I'm trying to locate the value for <Link role="self"> in the following XML file using a XPath query:

<?xml version="1.0" encoding="utf-8"?>
<Response xmlns:xsi="http://www.w3.org/2001/XMLSchema-instance"
          xmlns:xsd="http://www.w3.org/2001/XMLSchema"
          xmlns="http://schemas.microsoft.com/search/local/ws/rest/v1">
    <Copyright>Copyright © 2011 Microsoft and its suppliers. All rights reserved. This API cannot be accessed and the content and any results may not be used, reproduced or transmitted in any manner without express written permission from Microsoft Corporation.</Copyright>
    <BrandLogoUri>http://spatial.virtualearth.net/Branding/logo_powered_by.png</BrandLogoUri>
    <StatusCode>201</StatusCode>
    <StatusDescription>Created</StatusDescription>
    <AuthenticationResultCode>ValidCredentials</AuthenticationResultCode>
    <TraceId>ID|02.00.82.2300|</TraceId>
    <ResourceSets>
        <ResourceSet>
            <EstimatedTotal>1</EstimatedTotal>
            <Resources>
                <DataflowJob>
                    <Id>ID</Id>
                    <Link role="self">https://spatial.virtualearth.net/REST/v1/dataflows/Geocode/ID</Link>
                    <Status>Pending</Status>
                    <CreatedDate>2011-03-30T08:03:09.3551157-07:00</CreatedDate>
                    <CompletedDate xsi:nil="true" />
                    <TotalEntityCount>0</TotalEntityCount>
                    <ProcessedEntityCount>0</ProcessedEntityCount>
                    <FailedEntityCount>0</FailedEntityCount>
                </DataflowJob>
            </Resources>
        </ResourceSet>
    </ResourceSets>
</Response>

I was shown an XPath query in a previous post, but I keep getting a unassigned iNode in the following code.

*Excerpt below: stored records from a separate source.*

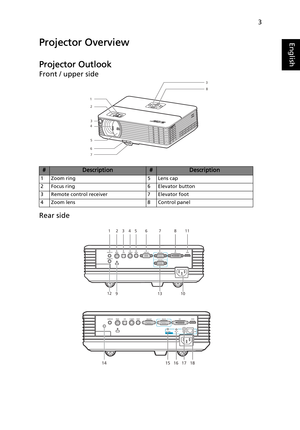 Page 153
EnglishProjector Overview
Projector Outlook
Front / upper side
Rear side
#Description#Description
1 Zoom ring 5 Lens cap
2 Focus ring 6 Elevator button
3 Remote control receiver  7 Elevator foot
4 Zoom lens  8 Control panel
1
2
33
4
5
6
7
8
12345 6 7 811
12
9
13 10
14 1516 17 18 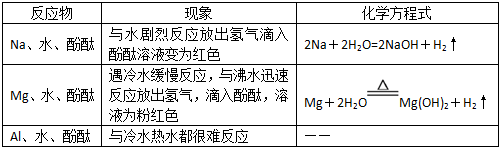 中学化学学科知识与教学能力,历年真题,2014下半年教师资格证考试《化学学科知识与教学能力》（初级中学）真题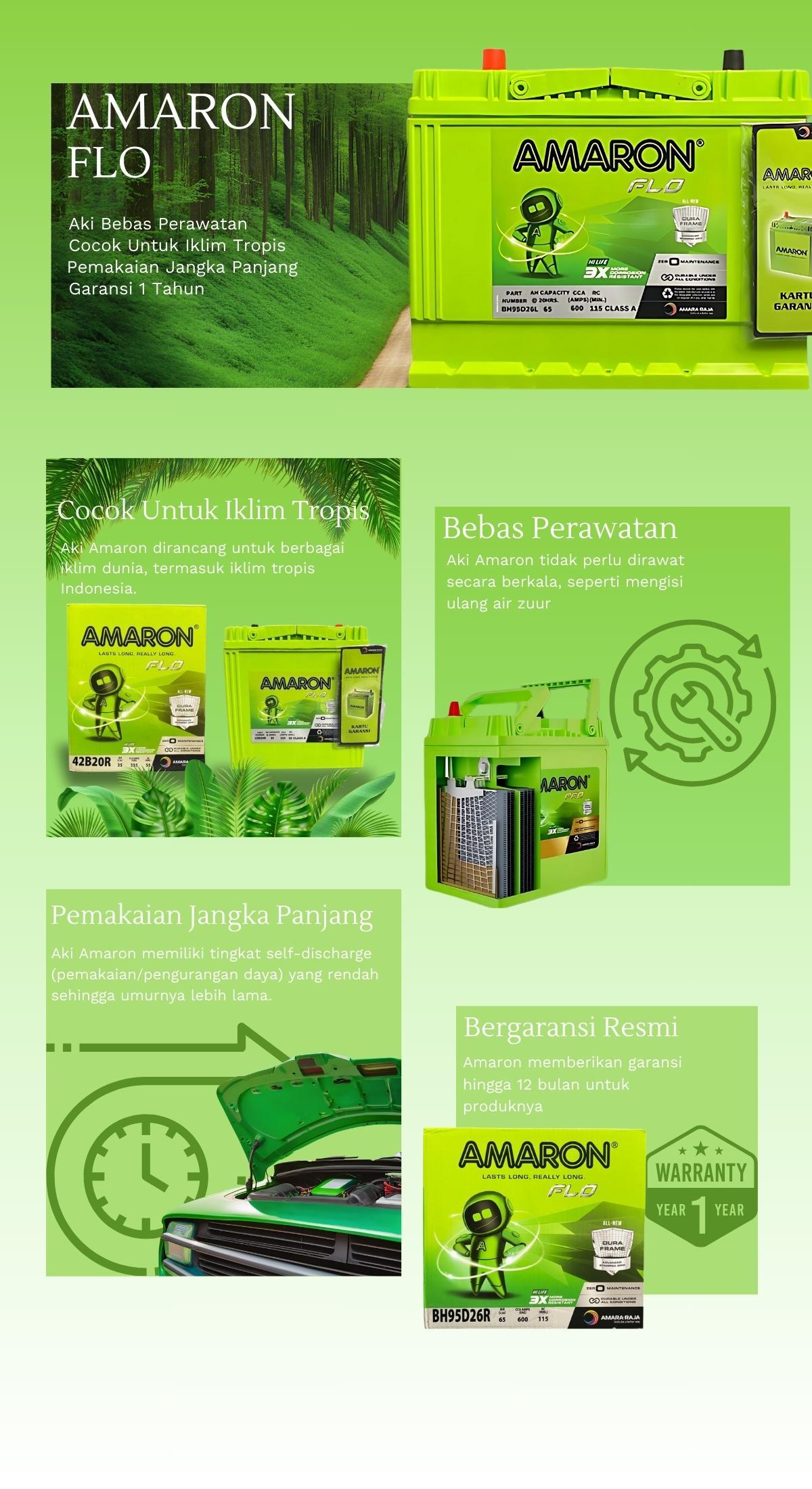 Product detail media - 2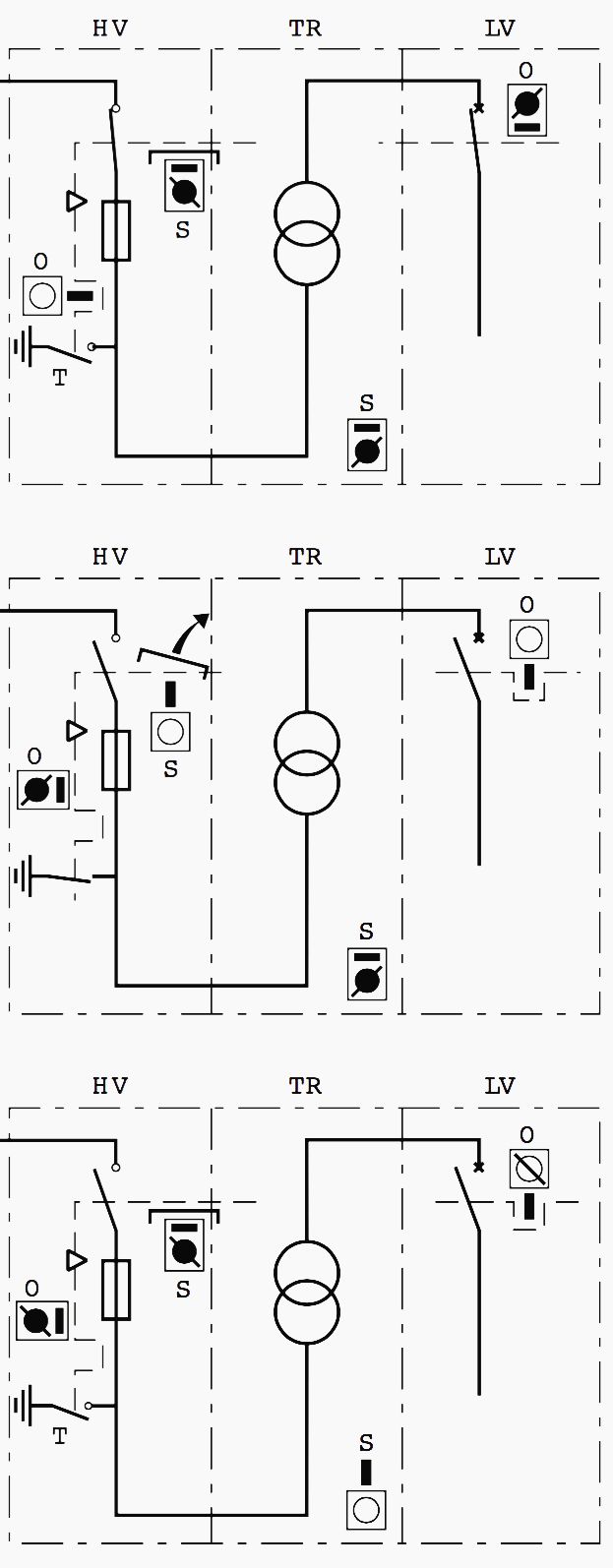 Hv Tr Lv Locking Functional Symbols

function TForm1.QueryXMLData(XMLFilename, XMLQuery: string): string;
var
  iNode : IDOMNode;
  Sel: IDOMNodeSelect;
begin
  try
    XMLDoc.Active := False;
    XMLDoc.FileName := XMLFilename;
    XMLDoc.Active := True;

    Sel := XMLDoc.DOMDocument as IDomNodeSelect;

    Result := '';
    iNode := Sel.selectNode('Link[@role = "self"]');
    if Assigned(iNode) then
      if (not VarisNull(iNode.NodeValue)) then
        Result := iNode.NodeValue;

    XMLDoc.Active := False;

  Except on E: Exception do
    begin
      MessageDlg(E.ClassName + ': ' + E.Message, mtError, [mbOK], 0);
      LogEvent(E.Message);
    end;
  end;
end;

What can I try to resolve this?

halfer
  • 19,824
  • 17
  • 99
  • 186
Pieter van Wyk
  • 2,316
  • 9
  • 48
  • 65
  • The problems are all related to the default namespace; Remove the `xmlns="http://schemas.microsoft.com/search/local/ws/rest/v1"` and then this works just fine: `//Link[@role="self"][1]/node()`. I don't know why you've got `[3]` in your example since there's only one `Link` node in the document; I don't like the solution with removing the default namespace declaration, just seems so hacky... – Cosmin Prund Apr 01 '11 at 10:54
  • I have now removed the [3] from the query as that was clearly a mistake on my part. – Pieter van Wyk Apr 01 '11 at 11:25
  • possible duplicate of [Delphi/MSXML: XPath queries fail](http://stackoverflow.com/questions/1519416/delphi-msxml-xpath-queries-fail) –  Apr 01 '11 at 15:28

4 Answers4

12

If you want to locate Link anywhere in the document, you’ll have to prefix it with //; like this:

iNode := Sel.selectNode('//Link[@role = "self"][3]');

This will start searching at the root of the document, and traverse the entire document, looking for a node called Link matching the specified criteria.

See here for more operators: http://msdn.microsoft.com/en-us/library/ms256122.aspx

Note that, as Runner suggests, you can also query the full XML path. This will be faster than the // operator, since it won’t have to blindly search every node.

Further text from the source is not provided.